With that in mind, the table above indicates that PG, MMM, XOM, TGT, WMT and ABT may be more compelling than MCD; however each one has to be studied better to reach a serious investment conclusion.

The next table compares some basic parameters of MCD to some of its competitors:

MCD

Yum! Brands, Inc. (YUM)

Chipotle Mexican Grill, Inc. (CMG)

Dunkin' Brands Group, Inc. (DNKN)

Starbucks Corporation (SBUX)

Market Cap

100.3 B

26.7 B

10.6 B

3.04 B

32.8 B

Price to Book

7.4

13.3

10.5

4.1

7.3

PEG

1.84

1.6

2.44

1.94

1.37

P/E

19.2

22.7

52.7

42.3

27.1

Dividend Yield

2.9%

2%

N/A

N/A

1.6%

Payout Ratio

48%

39%

N/A

N/A

32%

Next 5 Year Expected Annual Growth

10%

13%

20%

15%

17%

Looking at the table above, none of the competitors seems to be trading at deep discounts to their current financial results as they all have very high P/B, PEG & P/E.

Cash flow:

As shown above, MCD has a solid cash flow supporting its growth and using mainly for investments in new restaurants, remodeling old ones, paying dividends and stocks buybacks.

One of the main ratios I check when researching companies has to do with cash flow - enterprise value to free cash flow. I actually prefer that than P/E since it factors in the cash & debt on the one hand, and considers cash flow rather than the easy-to-manipulate earnings on the other hand. The result for MCD is just under 23 – not terribly expensive but definitely not cheap.

Insider trading:

Since December 2009 the aggregate of stock sales by insiders was $105 million. The sales occurred all along the mentioned period. BUT - There were $0 purchases by insiders during this period! Makes you wonder…

MCD and the global crisis:

I believe MCD is well positioned to continue growth in the future with or without another recession. Here's why:

  1. In a world with volatile commodities price, I think MCD's popularity will enable it to raise its prices as commodities price rise - even if not exactly at the same pace.
  2. MCD's global presence should enable it to benefit from fast growing markets and compensate for others that may fall short due to recession or other local reasons.
  3. MCD's products are cheap compared to other restaurants. In an economic crisis when many families may not be able to afford fancy restaurants – MCD may be the preferred option for them to hang out with the kids.
  4. MCD's new menu options appeal to people who would like fast but healthier food (salads, low fat burgers etc.).
  5. No matter how bad economy gets – kids LOVE McDonald's. The combination of Ronald, kids' meals and Big-Macs +fries +Coke will continue to get parents giving up and taking their kids to the golden arches.

Conclusion and valuation:

McDonald's is a remarkable business and is one of THE most popular brand names in many parts of the world. It used to be a high-growth company which still grows at an impressive pace. For its future growth MCD invests a lot of money in new restaurants and marketing.

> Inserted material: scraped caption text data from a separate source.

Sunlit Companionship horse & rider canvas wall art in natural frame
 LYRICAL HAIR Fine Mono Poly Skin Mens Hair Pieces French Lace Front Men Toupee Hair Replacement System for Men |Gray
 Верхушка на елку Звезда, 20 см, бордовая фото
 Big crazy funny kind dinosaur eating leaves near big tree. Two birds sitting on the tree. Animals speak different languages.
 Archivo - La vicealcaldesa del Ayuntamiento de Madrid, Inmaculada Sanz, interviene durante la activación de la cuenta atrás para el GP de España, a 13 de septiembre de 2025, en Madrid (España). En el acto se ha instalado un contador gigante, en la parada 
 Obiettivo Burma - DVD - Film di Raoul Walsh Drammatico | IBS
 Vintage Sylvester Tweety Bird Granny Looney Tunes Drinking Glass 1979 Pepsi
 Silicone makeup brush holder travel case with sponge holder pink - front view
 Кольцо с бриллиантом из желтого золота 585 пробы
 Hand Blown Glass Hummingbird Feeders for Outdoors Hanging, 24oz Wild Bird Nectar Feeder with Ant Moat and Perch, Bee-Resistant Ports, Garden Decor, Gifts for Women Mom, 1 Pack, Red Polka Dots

MCD is also known for the extremely long period of time during which it has raised its annual dividend – long enough to become a dividend champion.

I have no doubt MCD will be here for many more years and its business will continue to grow in most parameters year in – year out. That should appeal to value investors as well as income investors.

However, I think current stock price is not attractive. MCD trades at a P/E of over 19, price to book of over 7 and PEG of 1.84. Consider the enterprise value to free cash flow, the insider transactions and the dividend growth that might have to cool off in the future. In my opinion all these imply that:

  1. The current stock price is at least fair if not expensive.
  2. As I explained above – the dividend growth will have to come down unless financial results will shoot up.

While I would like to start a long position and hold a piece in the excellent business of McDonald's, I will wait either for its price to pull back or for its financial results to better support the stock's price.